For some funny reason China and Russia made it hard for the UN to produce anything worthy of mention in reaction to the first North Korean test. After the second missile test, though, the UN security council actually put out a statement that was uncharacteristically powerful. Among other things:

The resolution calls upon any potentially suspect vessels to submit consensually to that inspection. If a suspect vessel refuses to submit to inspection, it is required that the flagged state direct that vessel to an appropriate port, for mandatory inspection. Any contraband material that is found following that mandatory inspection is required to be seized and disposed[.]

Then and now the North Korean regime has responded with threats to the resolution. Nothing to be surprised about, to be sure. As Ambassador Rice said (in a tone that was so convincing you really wanted to believe that she meant it):

“Based on past experience and the pattern that North Korea has of reckless and dangerous actions, it would not be a surprise if North Korea reacted to this very tough sanctions regime in a fashion that would be further provocation and further destabilizing,” she said.

Rice says if that happens the US will “implement to the fullest extent” the sanctions agreed upon today.

“We’re not going to get into a tit-for-tat reaction to every North Korean provocative act,” Rice said. “They know what they need to do to uphold their international obligations.  We’re intent upon ensuring that this very tough regime is fully implemented.”

As you probably know the US has been tracking the Kang Nam, a suspect North Korean ship, for some days now. If we take the UN resolution and Miss Rice by their words the ship would be subject to an inspection and the destruction of any prohibited cargo. That the crew on the North Korean vessel will tamely let the interception take place was not to be expected. According to Ambassador Rice this wouldn’t stop the process. Looks like Undersecretary of Defense Michele Flournoy didn’t get the memo – and by “memo” I mean the text of the UN resolution:

Ms. Flournoy said Friday that Washington has ruled out use of military force to inspect the North Korean freighter.

“The U.N. resolution lays out a regime that has a very clear set of steps,” Ms. Flournoy said, according to the Yonhap news agency. “I want to be very clear. … This is not a resolution that sponsors, that authorizes use of force for interdiction.”

Now we could quibble about the terms here: what does “use of force” mean? Apparently Madame Flournoy means military force. So the US won’t send the Navy to blow the Kang Nam into pieces, all right. But does this also mean that in the Age of Obama “mandatory inspections” are actually “inspections only if the North Koreans want to be inspected”? Because it’s looking awfully like this is the case.

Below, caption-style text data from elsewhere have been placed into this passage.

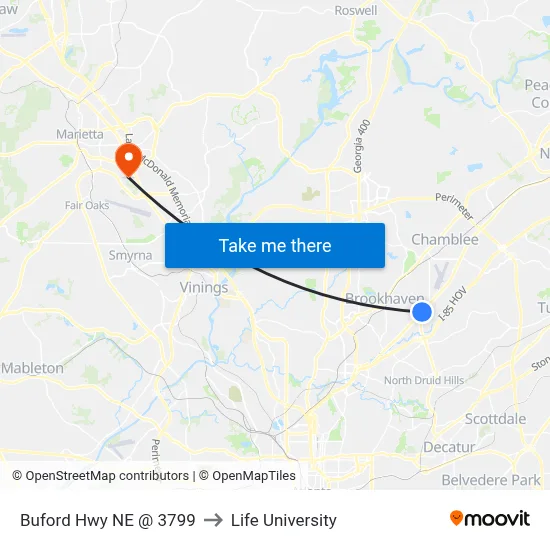 Buford Hwy NE @ 3799 to Life University map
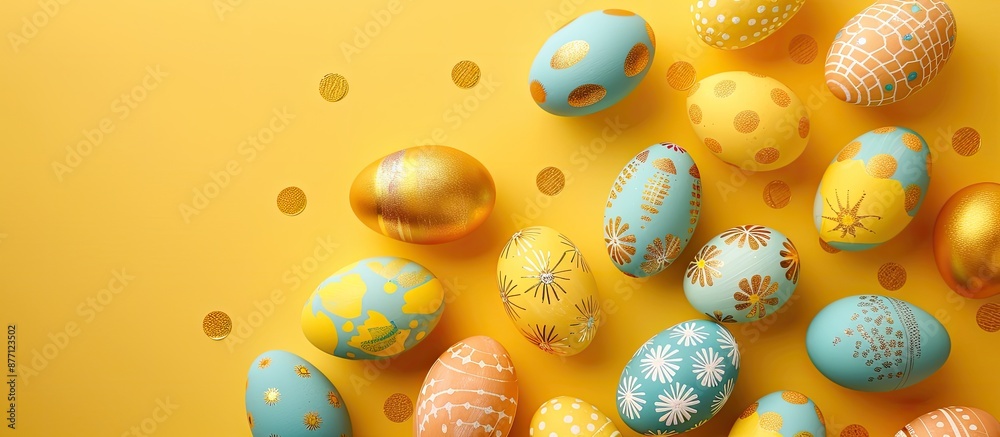 Aufkleber Top view flat lay composition with Easter eggs colored and decorated with gold on yellow paper, creating a festive and happy concept with room for text in the copy space image.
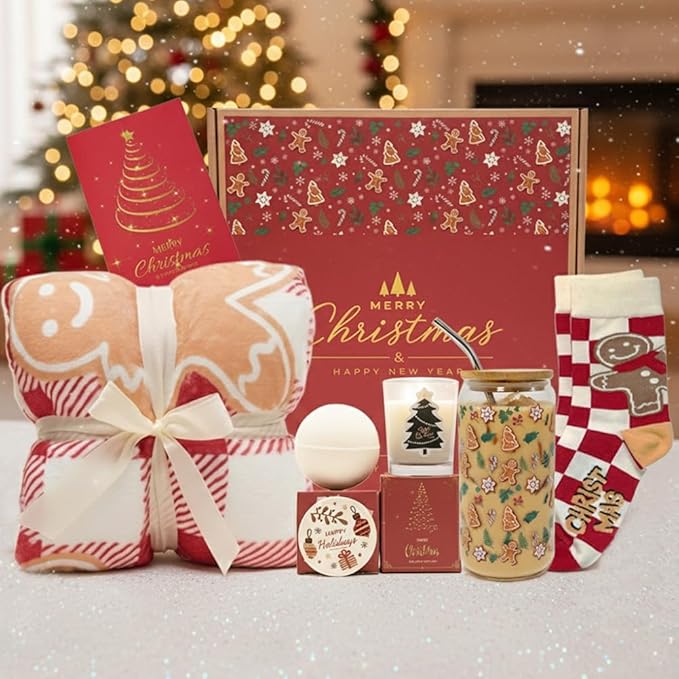 Cozy Christmas Gifts for Women - Unique Holiday Gift Basket with Soft Throw Blanket, Chic Glass Tumbler & Spa Set - Holiday Presents for Mom, Sister, Best Friend, Wife, Coworker - Bloomnest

And if not even the US complies by those internationally agreed upon rules then who are we to expect to do better?

The big problem here is that should the US let the Kang Nam deliver its goods without any inspections, let alone confiscations, the Obama administration as well as the UN can talk and publish resolutions until they’re blue in the face, no one will ever take them serious again (let alone begin to take them serious). By not following through with the implementation of a UN (a UN!) resolution President “Words must mean something” Obama is anihilating any hopes that future negotiations with any – any! – rogue regime are going to be fruitful unless Obama (re)establishes some amount of authority through a very, very painful type of action – and I do mean action as in “military strike where it hurts”. The point is, even the Commander-in-Chief of the most powerful military in the world can threaten as much as he wants and keep his eyebrows drawn together until they cramp it won’t impress anyone if he doesn’t even have the stomach to search a ship in accordance with a UN regime.

Obama may believe that forcing the Kang Nam to the next port for inspections would entail too many bad consequences. But he fails to see that not searching the ship has even worse ramifications. Autrement dit, Obama thinks he wards off the small problem but what he actually does is cue the big problem. A smart president would avoid putting himself into a situation that forces him to renew credibility through actions painful not only to his enemies but also to his own country.